Felix Tshisekedi veut exclure Kabila et les groupes armés actifs, dont l’AFC/M23, du futur cadre de dialogue destiné à sortir la RDC de ses crises politiques et sécuritaires. Selon Jeune Afrique, c’est dans ces termes que le chef de l’État congolais a transmis à Luanda, à la mi-mai, une contre-proposition au projet de dialogue inclusif porté par son homologue angolais, Joâo Lourenco.
À la place du format envisagé par l’Angola, Kinshasa propose l’organisation des « États généraux de la refondation de l’État pour le salut de la patrie », un forum national qui devrait réunir près de 500 participants. Contrairement au dialogue inclusif défendu par le pays voisin, cette formule écarterait plusieurs acteurs majeurs de la scène politique dont ceux cités ci-dessus.
Dans ce schéma, le processus sera entièrement piloté par Kinshasa et le président de la République, le principal initiateur. C’est lui qui convoquera les assises et recevra directement les conclusions issues des travaux. Le texte ouvre également la voie à des réformes institutionnelles majeures. Il évoque la possibilité d’un « changement ou d’une adaptation de la Constitution », ainsi que l’émergence d’une « quatrième République ».
Le document prévoit également le maintien de Félix Tshisekedi à la tête de l’État jusqu’à l’organisation d’une nouvelle élection présidentielle. Une option qui ne recueillerait pas l’adhésion de Luanda. Selon la même source, les autorités angolaises refusent de soutenir un processus excluant l’AFC/M23 et Joseph Kabila, tout en ouvrant la voie à une réforme constitutionnelle susceptible d’exacerber les tensions politiques en RDC.

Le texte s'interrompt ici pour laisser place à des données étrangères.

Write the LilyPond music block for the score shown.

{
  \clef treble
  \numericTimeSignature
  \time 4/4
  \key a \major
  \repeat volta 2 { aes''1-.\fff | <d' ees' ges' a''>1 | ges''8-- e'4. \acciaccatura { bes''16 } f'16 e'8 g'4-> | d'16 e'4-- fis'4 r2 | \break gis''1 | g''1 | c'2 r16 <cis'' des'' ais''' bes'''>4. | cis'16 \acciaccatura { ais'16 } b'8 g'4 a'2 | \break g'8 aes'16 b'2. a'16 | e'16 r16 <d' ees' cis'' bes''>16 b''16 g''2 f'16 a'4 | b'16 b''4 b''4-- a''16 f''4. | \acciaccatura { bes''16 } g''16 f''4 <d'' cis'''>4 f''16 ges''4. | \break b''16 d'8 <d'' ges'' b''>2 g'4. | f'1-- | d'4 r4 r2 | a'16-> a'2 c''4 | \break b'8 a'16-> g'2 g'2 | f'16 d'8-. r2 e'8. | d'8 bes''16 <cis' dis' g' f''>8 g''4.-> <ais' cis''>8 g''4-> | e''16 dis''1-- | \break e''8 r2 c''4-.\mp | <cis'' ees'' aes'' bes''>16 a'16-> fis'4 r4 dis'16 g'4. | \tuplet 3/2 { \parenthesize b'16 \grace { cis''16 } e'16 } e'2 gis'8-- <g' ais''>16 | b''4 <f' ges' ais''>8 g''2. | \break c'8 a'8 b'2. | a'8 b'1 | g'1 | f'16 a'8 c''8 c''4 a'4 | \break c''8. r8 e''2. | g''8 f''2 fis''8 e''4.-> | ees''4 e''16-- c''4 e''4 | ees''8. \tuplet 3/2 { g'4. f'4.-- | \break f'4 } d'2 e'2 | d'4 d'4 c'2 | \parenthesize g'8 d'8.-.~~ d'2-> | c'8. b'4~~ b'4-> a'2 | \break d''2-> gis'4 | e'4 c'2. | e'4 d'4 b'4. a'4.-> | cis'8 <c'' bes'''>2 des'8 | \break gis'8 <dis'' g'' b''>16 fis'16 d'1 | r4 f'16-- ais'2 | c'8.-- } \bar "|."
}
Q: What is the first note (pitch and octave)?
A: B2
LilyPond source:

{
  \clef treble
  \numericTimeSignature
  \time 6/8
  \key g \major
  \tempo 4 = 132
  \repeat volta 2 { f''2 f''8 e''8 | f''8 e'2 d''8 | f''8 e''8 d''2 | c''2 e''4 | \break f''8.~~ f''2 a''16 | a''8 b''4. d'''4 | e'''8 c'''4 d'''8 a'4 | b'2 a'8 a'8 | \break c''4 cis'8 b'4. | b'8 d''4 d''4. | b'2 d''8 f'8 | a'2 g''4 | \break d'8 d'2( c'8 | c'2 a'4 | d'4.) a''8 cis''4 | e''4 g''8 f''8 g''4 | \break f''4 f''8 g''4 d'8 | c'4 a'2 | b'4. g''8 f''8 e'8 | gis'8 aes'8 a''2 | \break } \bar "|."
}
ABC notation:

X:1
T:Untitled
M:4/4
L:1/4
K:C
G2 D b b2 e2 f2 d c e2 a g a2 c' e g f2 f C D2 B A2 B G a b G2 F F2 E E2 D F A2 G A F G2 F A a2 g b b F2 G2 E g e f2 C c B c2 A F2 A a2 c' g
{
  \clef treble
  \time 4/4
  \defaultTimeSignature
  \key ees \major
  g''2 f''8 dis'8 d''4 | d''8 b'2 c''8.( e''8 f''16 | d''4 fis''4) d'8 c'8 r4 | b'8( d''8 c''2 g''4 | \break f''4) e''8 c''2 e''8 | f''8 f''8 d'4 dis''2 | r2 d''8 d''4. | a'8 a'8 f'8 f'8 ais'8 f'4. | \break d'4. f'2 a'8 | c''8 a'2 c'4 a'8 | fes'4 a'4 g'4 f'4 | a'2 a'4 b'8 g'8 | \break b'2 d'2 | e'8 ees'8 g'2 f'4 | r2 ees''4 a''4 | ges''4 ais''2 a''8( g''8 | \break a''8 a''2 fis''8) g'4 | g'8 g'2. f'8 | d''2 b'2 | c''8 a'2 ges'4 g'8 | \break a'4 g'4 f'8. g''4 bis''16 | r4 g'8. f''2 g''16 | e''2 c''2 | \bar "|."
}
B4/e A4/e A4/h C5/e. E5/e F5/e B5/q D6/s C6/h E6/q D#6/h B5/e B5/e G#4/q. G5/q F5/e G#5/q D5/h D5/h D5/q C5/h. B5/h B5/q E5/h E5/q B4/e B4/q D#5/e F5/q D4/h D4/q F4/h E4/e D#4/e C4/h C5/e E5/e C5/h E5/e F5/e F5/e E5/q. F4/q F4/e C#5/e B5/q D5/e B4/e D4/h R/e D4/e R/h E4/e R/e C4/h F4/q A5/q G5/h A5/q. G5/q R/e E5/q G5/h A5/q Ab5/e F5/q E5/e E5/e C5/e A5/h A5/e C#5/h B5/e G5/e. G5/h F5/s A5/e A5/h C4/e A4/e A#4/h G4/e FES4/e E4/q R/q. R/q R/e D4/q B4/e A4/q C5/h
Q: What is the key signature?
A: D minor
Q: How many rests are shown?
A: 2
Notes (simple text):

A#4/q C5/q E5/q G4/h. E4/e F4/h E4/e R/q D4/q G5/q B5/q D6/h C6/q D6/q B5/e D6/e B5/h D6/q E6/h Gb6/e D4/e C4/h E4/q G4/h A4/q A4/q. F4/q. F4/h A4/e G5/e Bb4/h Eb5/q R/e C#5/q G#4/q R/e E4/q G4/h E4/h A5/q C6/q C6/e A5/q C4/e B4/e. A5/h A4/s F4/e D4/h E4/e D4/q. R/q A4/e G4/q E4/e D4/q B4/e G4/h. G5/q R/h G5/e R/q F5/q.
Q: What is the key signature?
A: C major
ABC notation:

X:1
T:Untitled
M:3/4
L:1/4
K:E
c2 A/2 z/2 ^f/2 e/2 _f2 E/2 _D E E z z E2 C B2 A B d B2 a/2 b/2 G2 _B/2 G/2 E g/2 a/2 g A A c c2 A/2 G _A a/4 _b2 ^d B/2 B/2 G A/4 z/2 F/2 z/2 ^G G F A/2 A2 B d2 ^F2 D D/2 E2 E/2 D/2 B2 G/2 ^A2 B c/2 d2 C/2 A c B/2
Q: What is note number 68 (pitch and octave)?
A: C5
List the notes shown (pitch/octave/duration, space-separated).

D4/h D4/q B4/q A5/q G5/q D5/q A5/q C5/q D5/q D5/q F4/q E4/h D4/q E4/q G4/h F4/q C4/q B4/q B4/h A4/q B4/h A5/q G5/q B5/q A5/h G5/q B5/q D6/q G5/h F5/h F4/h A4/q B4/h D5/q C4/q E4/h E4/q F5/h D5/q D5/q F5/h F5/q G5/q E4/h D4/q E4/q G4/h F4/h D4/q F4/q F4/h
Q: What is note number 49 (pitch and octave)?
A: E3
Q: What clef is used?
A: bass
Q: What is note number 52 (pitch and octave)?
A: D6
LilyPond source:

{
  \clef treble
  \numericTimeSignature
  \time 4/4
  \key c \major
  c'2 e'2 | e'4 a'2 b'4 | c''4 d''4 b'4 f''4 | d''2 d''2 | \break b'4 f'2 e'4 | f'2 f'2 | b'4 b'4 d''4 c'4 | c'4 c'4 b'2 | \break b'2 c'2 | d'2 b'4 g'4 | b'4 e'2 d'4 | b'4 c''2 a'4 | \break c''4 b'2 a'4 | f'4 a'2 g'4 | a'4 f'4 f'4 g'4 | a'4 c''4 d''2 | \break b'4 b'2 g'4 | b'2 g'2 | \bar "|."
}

Ces réserves de Luanda surviennent alors que les relations diplomatiques se sont intensifiées ces derniers mois autour de la recherche d’une issue à la crise qui sévit dans l’est du Congo-Kinshasa. Les 4 et 8 janvier 2026, Félix Tshisekedi et João Lourenço s’étaient entretenus à deux reprises à Luanda afin d’examiner les pistes de sortie de crise dans l’est de la RDC. Dans le prolongement de cette séquence, le 15 juin dernier, le chef de la diplomatie angolaise, Tete António, a été dépêché à Kinshasa avec un message du président angolais adressé à son homologue congolais.
À l’exception de la majorité au pouvoir, plusieurs acteurs politiques et sociaux sont favorables au Pacte social pour la paix et le bien-vivre ensemble porté par le duo CENCO-ECC. Ils plaident ainsi pour une convergence des initiatives diplomatiques engagées à Nairobi, Luanda, Doha et Washington.
Les opposants estiment qu’une harmonisation de différents processus de paix permettrait de renforcer leur efficacité et d’éviter la dispersion des efforts en faveur de la stabilisation du pays. A haute voix, ils appellent, dans cette perspective, à l’organisation d’un dialogue national inclusif sous la facilitation conjointe de la Conférence épiscopale nationale du Congo (CENCO) et de l’Église du Christ au Congo (ECC). De plus, le cadre de concertation devrait associer aux discussions destinées à restaurer la paix, l’ensemble des parties concernées, notamment les acteurs politiques non armés et les représentants de la société civile.